In short: I use blast legacy (2.2.22) in qiime exclude_seqs_by_blast.py to decontaminate sequences comign from 16S rRNA microbial survey. I've decontaminated once a 1.92GB file on a computing cluster in less than an hour. File shrunk after decontamination to 1.88GB.
Now I experience some problems, I get segmentation errors, memory errors, and core dumps (see detailed section) when I try to decontamiante new sequences. So I wrote a script that splits fasta file into number of parts that I specify (utilizing perl script fasta-splitter), and then decontaminate files that weight around 15mb, pool "non-matching" sequences into one file - i.e. the decontaminated input file.

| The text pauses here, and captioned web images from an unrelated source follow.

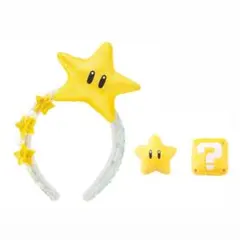 ユニバ　スター　カチューシャ　リングのサムネイル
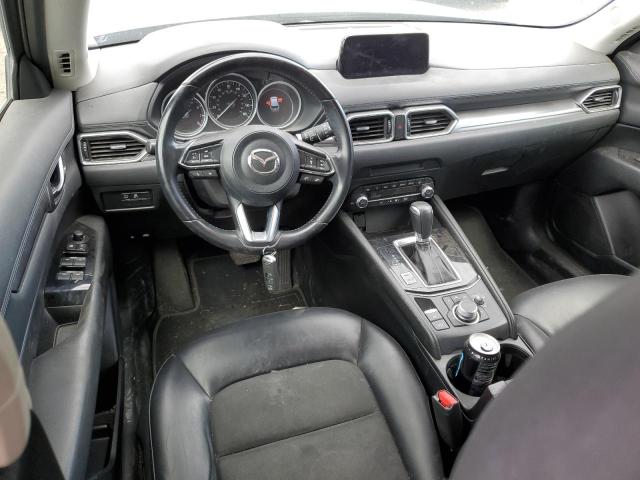 2019 Mazda Cx-5 Touring VIN: JM3KFBCM5K0518679 Lot: 55424984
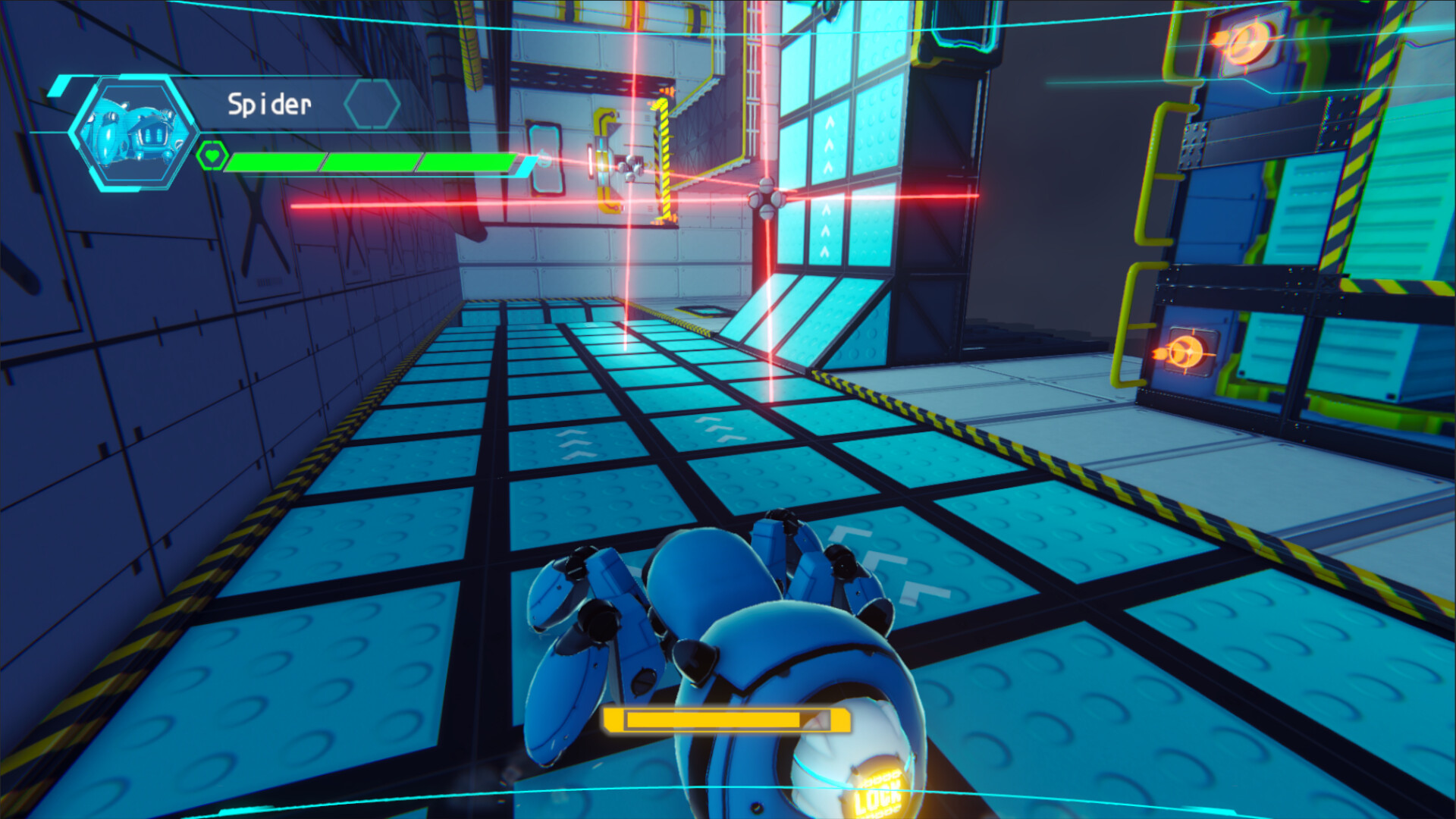 NOTTOLOT Screenshot 5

However I've noticed that a lot of sequences are "lost", i.e. match contaminating sequences, but I've felt that somethings is not entirely right.

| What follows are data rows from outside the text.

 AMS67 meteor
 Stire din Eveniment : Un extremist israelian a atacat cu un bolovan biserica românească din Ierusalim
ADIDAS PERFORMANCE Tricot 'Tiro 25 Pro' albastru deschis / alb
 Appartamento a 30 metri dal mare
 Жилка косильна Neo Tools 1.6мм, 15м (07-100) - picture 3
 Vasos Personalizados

I got back to original 1,92GB file, applied the same splitting approach, I expected to get the same output as I've done initially - excactly 1.88GB, but instead I get 466.8MB. Something is clearly not right.
I use blast legacy (2.2.22) in qiime script exclude_seqs_by_blast.py. I've checked the parameters of blast queries, they are both the same, i.e.:
'percent_aligned': 0.98 'verbose': False 'blastmatroot': None 'no_clean': False 'no_format_db': False 'subjectdb': '/Volumes/private/file/path/contaminants005.fa' 'working_dir': '/tmp/' 'wordsize': 28 'querydb': '/Volumes/private/file//fecal_filtered.part-005.fa' 'e_value': 1e-10 'outputdir': '/Volumes/private/file/path/decontaminated' 'max_hits': 100
It is confusing, and I don't know the source of the problem. I switched in the meantime from qiime 1.9.0 to 1.9.1., but computing cluster has all the versions available. I've tried going back to 1.9.0, but the effect is the same.

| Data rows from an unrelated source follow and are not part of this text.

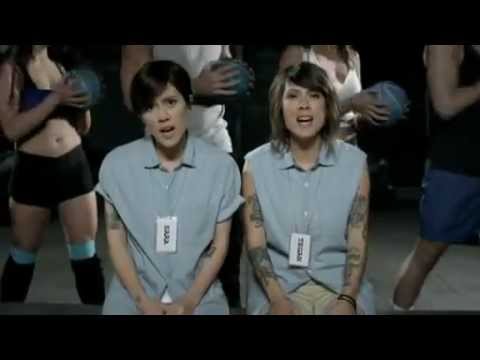 Tegan and Sara - Body Work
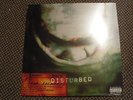 Disturbed - The Sickness    VINYL LP    NEU
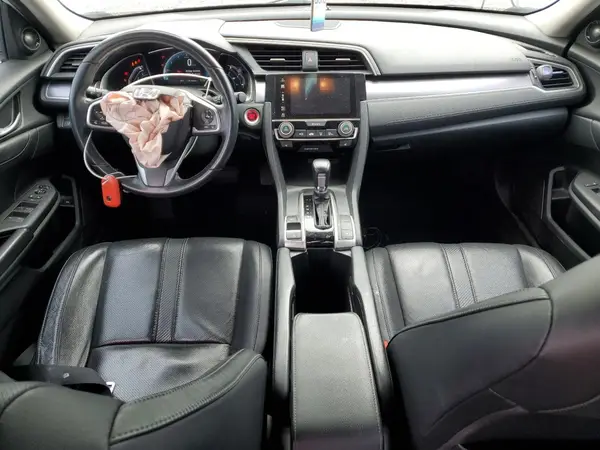 19XFC1F92HE204900 2017 HONDA CIVIC - Image 8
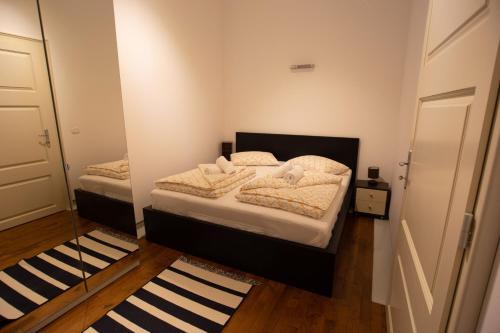 Old Town Alessia Apartment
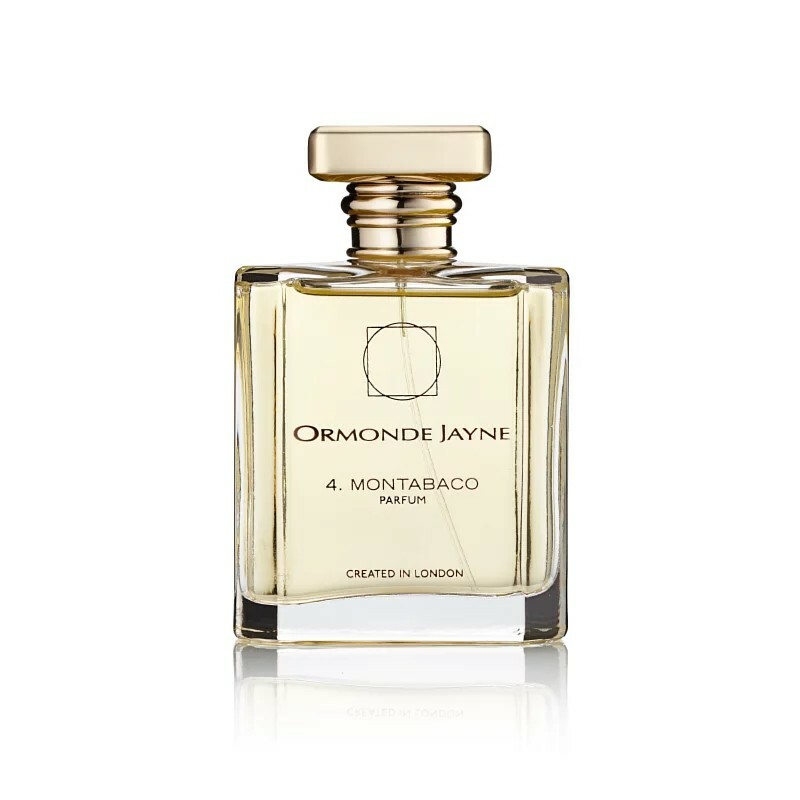 Ormonde Jayne 四方境界 不羈之煙精萃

Is there a reason why splitting, "decontaminating", i.e. matching sequences from PCR "blanks", choosing non-matching sequences, and pooling those sequences from each file-part might be different than just doing this with one file?
Errors that I get now (I didn't get back when some software changes occured), are:
Traceback (most recent call last): File "/usr/local/analysis/qiime/1.9.1/bin/exclude_seqs_by_blast.py", line 267, in <module> main() File "/usr/local/analysis/qiime/1.9.1/bin/exclude_seqs_by_blast.py", line 206, in main options.percent_aligned, DEBUG=DEBUG) File "/usr/local/analysis/qiime/1.9.1/lib/python2.7/dist-packages/qiime/exclude_seqs_by_blast.py", line 118, in find_homologs curr_blast_result = BlastResult(raw_output_data) File "/usr/local/lib/python2.7/dist-packages/cogent-1.5.3-py2.7-linux-x86_64.egg/cogent/parse/blast.py", line 396, in __init__ hits.append(dict(zip(rec_data, h))) MemoryError
Core dumps (don't have log to show)
I used back then around 25/30GB of memory, but since memory errors started to occur, I've even submitted a job having 120GB of memory - to no avail.
I know legacy blast is not efficient/recommended for this, as it is slow. However, 52 minutes are acceptable for me. The sequences were untouched, so I am struggling with reproducibility here.